|Publication number||US5524772 A|
|Application number||US 08/326,385|
|Publication date||Jun 11, 1996|
|Filing date||Oct 20, 1994|
|Priority date||Oct 20, 1994|
|Publication number||08326385, 326385, US 5524772 A, US 5524772A, US-A-5524772, US5524772 A, US5524772A|
|Inventors||James D. Simmons|
|Original Assignee||Simmons; James D.|
|Export Citation||BiBTeX, EndNote, RefMan|
|Patent Citations (13), Referenced by (72), Classifications (10), Legal Events (4)|
|External Links: USPTO, USPTO Assignment, Espacenet|
The present invention relates to gun racks for pickup trucks and, more particularly, to such a rack including a pivotally connected bracket to facilitate attaching such a rack to an irregular surface.
Gun racks are often mounted inside the rear windows of pickup trucks by hunters and other shooters to provide a safe place to carry long or shoulder firearms such as rifles, carbines, shotguns, and the like in such a vehicle. Such racks generally include a vertical member having its ends attached to sheet metal of the cab of the pickup truck above and below the rear window and one or more gun support cradle members extending from the vertical member to receive one end of a firearm, such as the pistol grip or forearm or barrel of such a firearm. Some types of racks are adapted for mounting in the framework or insulation structure supporting the rear window of a pickup. Normally, the racks are used in pairs to support the ends of a firearm.

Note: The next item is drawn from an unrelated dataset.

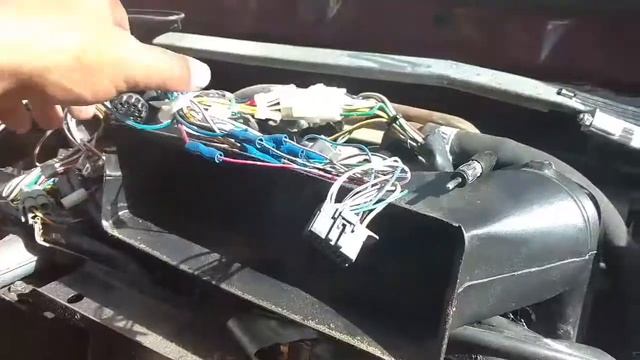 How to replace the blower motor and fan resistor in a Volvo 240 - VOTD смотреть онлайн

Because firearms mounted on a rack in the rear window of a pickup truck are visible, they are vulnerable to theft. Thus, it is desirable for such gun racks to be capable of being locked, for the rack structures to be sturdy, and for the racks to be securely attached to structure within the pickup cab. Hunters often drive their vehicles on unimproved rural roads, and often off-road. Because of this, the rack structures also need to be sturdy enough to retain firearms supported thereon and remain attached to the cab structure when the vehicle is driven over rough terrain. Separation of the guns from the rack or of the racks with guns thereon could be hazardous to the driver and any passenger, as well as damaging to the firearms.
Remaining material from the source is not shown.